Roaming the wide world over
Always alone and blue, so blue
I am sad and weary, longing to go home
Yes, I miss the Mississippi and you...

Jimmie Rodgers had less than a year to live when he recorded 'Miss the Mississippi and You' in New York on Aug. 29, 1932 with a country/jazz band that included two fiddles, guitar, piano, and clarinet. The song was issued on the Victor label on Dec. 2, 1932; Jimmie Rodgers died May 26, 1933 at the age of 35.


'MOTHERLESS CHILDREN' (Public Domain, arr. by Rosanne Cash and John Leventhal)

'Motherless Children' was the blues before there was The Blues: a song that powerfully expressed the emotions of the blues but predates the codification of the twelve-bar blues form. In most versions, including the present recording, 'Motherless Children' is sung in an A-A-B-A form but does not change chords in the familiar blues pattern.

We don't know who, if anyone wrote 'Motherless Children' but it has been recorded by innumerable artists including the Carter Family in 1929. Lesley Riddle, a black blues singer and guitarist, accompanied A.P. Carter on several of the latter's song-collecting forays -- and it's likely that Riddle was the source of Carter Family songs like 'Cannonball Blues' and 'Motherless Children.'

By the late Twenties, 'Motherless Children' was well established in the repertoire of both white and black musicians.

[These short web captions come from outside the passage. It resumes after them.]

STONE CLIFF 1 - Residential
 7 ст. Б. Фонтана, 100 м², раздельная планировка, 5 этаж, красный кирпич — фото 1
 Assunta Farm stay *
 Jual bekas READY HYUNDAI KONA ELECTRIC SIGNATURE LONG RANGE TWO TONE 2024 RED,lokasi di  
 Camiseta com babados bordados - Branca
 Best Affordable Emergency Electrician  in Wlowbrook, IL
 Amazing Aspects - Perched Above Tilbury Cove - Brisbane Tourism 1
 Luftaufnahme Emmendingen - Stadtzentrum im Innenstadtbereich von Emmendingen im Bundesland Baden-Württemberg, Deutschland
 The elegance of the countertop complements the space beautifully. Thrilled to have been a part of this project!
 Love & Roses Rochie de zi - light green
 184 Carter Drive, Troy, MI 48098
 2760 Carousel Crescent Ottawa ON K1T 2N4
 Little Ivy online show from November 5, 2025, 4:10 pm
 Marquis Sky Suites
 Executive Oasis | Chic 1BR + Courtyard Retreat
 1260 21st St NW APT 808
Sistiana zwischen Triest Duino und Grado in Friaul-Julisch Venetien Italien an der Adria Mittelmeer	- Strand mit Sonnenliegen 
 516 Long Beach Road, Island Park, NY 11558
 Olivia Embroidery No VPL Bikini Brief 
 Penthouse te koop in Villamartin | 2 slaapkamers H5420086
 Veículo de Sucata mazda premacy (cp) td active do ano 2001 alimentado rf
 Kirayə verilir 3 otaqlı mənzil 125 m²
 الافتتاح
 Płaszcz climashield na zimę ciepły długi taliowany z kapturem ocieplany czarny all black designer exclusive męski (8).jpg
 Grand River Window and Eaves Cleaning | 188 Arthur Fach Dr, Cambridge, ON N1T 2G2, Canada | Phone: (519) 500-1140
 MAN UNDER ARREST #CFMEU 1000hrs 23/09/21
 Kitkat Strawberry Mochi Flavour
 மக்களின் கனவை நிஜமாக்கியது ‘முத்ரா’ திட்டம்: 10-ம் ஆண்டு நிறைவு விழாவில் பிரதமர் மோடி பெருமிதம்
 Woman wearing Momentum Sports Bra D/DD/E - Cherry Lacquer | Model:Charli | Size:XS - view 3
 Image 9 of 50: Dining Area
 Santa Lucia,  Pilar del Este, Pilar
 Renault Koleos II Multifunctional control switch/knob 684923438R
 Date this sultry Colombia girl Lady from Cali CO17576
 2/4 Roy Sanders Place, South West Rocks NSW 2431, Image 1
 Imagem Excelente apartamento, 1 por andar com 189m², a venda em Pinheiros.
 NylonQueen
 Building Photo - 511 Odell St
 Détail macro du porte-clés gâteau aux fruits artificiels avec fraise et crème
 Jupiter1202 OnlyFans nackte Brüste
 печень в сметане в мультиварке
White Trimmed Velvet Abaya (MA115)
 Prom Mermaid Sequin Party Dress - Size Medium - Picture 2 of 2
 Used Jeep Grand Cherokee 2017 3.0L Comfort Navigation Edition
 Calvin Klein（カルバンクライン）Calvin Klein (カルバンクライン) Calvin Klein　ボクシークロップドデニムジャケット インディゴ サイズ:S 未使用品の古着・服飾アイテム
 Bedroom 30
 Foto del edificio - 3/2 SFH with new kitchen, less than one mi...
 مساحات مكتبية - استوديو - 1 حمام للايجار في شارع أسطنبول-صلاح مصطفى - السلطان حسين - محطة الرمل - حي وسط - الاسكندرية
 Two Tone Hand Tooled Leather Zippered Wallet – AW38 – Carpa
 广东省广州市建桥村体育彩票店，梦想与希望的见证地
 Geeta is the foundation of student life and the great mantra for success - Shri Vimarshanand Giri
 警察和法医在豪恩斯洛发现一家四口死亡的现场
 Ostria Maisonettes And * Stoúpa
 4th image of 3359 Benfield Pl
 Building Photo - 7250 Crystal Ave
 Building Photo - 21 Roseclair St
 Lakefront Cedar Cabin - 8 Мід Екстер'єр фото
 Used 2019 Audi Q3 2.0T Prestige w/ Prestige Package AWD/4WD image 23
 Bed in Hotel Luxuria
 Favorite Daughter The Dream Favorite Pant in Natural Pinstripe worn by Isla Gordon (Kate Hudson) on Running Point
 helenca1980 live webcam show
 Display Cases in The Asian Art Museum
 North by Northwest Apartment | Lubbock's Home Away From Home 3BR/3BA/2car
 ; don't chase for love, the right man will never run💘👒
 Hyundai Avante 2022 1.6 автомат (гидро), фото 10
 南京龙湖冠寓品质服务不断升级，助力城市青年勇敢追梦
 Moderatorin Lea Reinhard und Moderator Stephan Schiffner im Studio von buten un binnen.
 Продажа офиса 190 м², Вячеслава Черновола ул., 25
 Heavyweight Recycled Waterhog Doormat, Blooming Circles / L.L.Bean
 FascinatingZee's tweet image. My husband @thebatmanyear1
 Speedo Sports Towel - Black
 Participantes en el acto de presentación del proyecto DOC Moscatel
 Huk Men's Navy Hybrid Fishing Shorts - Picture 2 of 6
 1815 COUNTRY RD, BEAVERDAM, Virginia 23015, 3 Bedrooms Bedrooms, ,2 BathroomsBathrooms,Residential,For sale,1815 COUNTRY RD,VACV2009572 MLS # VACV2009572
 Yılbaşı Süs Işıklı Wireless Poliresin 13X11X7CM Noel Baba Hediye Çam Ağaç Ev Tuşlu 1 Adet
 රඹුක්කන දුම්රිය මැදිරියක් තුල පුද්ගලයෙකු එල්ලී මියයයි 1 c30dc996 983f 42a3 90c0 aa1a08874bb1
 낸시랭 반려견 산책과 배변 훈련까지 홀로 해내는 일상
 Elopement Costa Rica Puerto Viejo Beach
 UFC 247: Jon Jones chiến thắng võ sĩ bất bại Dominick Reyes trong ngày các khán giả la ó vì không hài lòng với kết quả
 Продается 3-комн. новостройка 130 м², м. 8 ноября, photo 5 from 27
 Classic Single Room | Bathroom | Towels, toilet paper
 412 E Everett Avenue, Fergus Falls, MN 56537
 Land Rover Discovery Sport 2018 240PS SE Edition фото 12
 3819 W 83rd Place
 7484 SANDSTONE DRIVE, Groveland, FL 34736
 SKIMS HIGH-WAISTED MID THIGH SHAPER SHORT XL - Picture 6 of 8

Blind Willie Johnson's haunting version from 1927 (mislabeled 'Mother's Children Have a Hard Time') inspired both Eric Clapton's 1974 recording (on his best-selling album 461 'Ocean Boulevard') and the Steve Miller Band's weirdly atmospheric rendition on 'Your Saving Grace' (1968).

'SEA OF HEARTBREAK' (Hal David & Paul Hampton)

In a tribute from the Country Music Hall of Fame, Stacey Wolfe wrote that Don Gibson (1928–2003) was responsible "for writing at least three of the most famous songs in country music history, for helping to define the sound and studio style of modern country music, and for releasing more than eighty charted records between 1956 and 1980."

Gibson's remarkable track record makes it ironic that he didn't write 'Sea of Heartbreak' – a No. 2 Country and No. 21 Pop charter, and the second-biggest pop crossover hit of his long career (after 'Oh Lonesome Me'). The song was not a product of Nashville's Music Row in Nashville but the work of New York pop lyricist Hal David (stepping out from his legendary partnership with Burt Bacharach, inaugurated in 1956) and a far less–renowned co–writer, Paul Hampton.

'TAKE THESE CHAINS FROM MY HEART' (Fred Rose & Hy Heath)

On Sept. 23, 1952, 'Take These Chains from My Heart' became the last song ever recorded by Hank Williams. "Unlike some of [Fred] Rose's songs, this was one that Hank might well have written, and he made it into one of his finest performances," wrote Colin Escott. "As the final note faded, Hank Williams' recording career ended." Williams died Jan. 1, 1953, and Escott notes that "after 'Your Cheatin' Heart' and 'Kaw-Liga' descended the charts, 'Take These Chains From My Heart' was the last song of any quality" that MGM had left in the vaults. It was released on April 24, 1953, and became Hank Williams' last No. 1 hit on June 6."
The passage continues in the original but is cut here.